*** Begin section ***
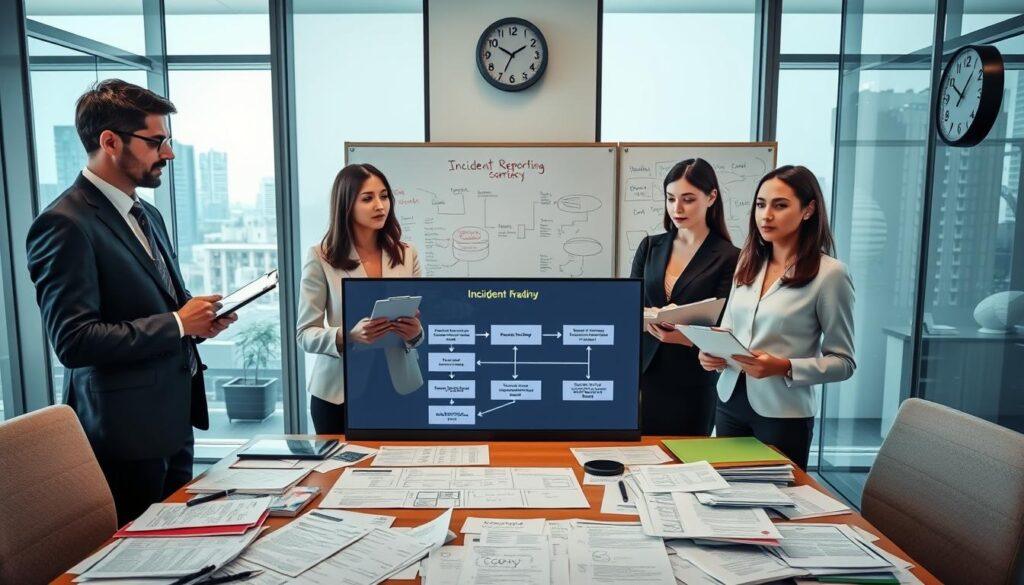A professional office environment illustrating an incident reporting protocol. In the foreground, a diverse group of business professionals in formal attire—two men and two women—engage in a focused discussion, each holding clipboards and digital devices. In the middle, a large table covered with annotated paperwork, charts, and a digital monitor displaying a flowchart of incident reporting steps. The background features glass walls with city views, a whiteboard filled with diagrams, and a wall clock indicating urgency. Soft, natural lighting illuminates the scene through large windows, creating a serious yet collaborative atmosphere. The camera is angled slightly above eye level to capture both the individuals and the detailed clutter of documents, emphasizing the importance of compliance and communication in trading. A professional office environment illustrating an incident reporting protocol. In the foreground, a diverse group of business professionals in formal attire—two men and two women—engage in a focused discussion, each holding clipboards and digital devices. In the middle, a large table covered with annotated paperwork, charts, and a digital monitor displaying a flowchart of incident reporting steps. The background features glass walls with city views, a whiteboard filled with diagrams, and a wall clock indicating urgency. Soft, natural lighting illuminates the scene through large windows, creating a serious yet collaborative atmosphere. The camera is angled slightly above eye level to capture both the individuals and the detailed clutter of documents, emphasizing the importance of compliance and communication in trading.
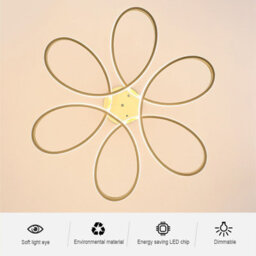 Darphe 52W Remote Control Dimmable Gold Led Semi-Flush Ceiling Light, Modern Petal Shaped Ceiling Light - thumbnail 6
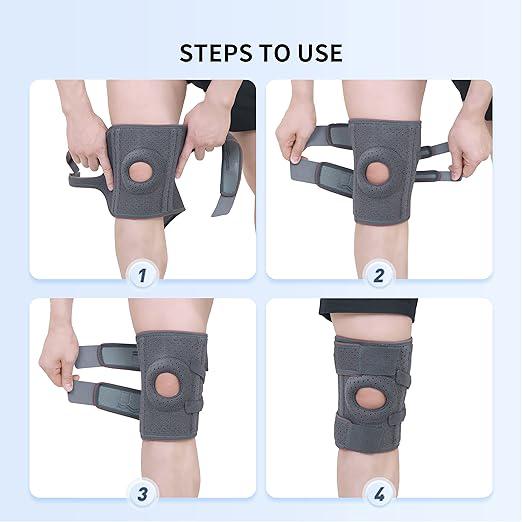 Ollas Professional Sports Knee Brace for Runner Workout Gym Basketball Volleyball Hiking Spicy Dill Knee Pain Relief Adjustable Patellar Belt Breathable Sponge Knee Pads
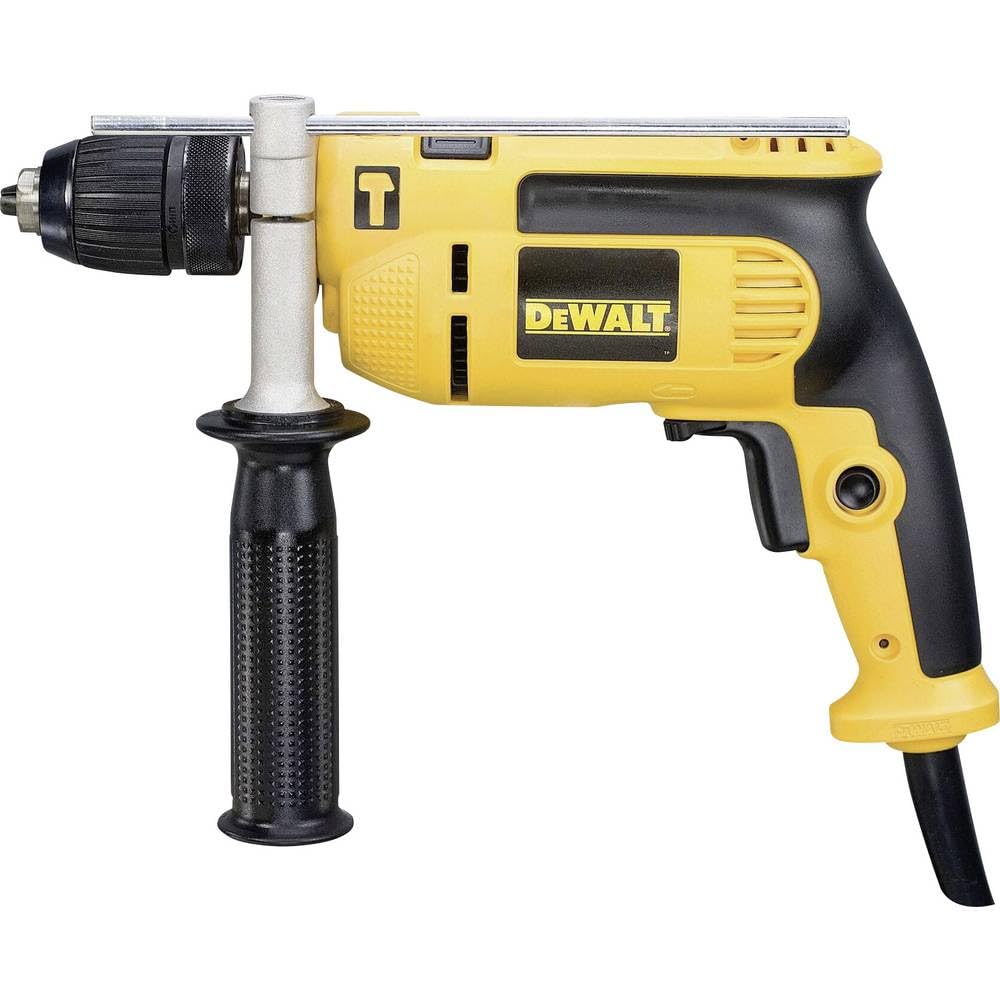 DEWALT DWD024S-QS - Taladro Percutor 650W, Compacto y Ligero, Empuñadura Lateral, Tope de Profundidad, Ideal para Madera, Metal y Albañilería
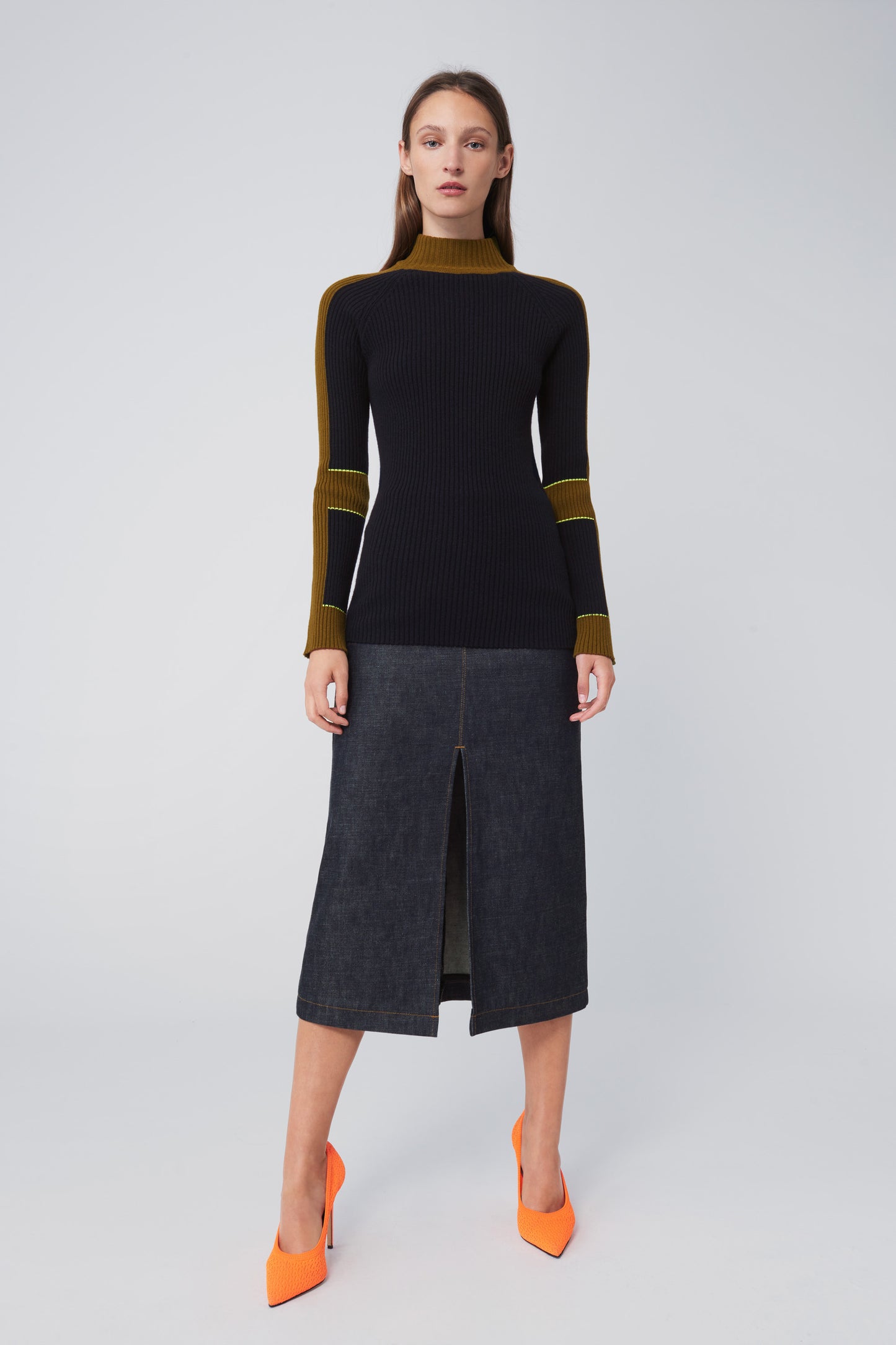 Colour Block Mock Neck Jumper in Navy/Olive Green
*** End section ***
* _Work required_: An answer containing only the lines from the one holding "DEWALT DWD024S-QS - Taladro" through the close of the entries above, reproduced exactly and stripped of pictures, is expected.

* _Response box_:
 DEWALT DWD024S-QS - Taladro Percutor 650W, Compacto y Ligero, Empuñadura Lateral, Tope de Profundidad, Ideal para Madera, Metal y Albañilería
 Colour Block Mock Neck Jumper in Navy/Olive Green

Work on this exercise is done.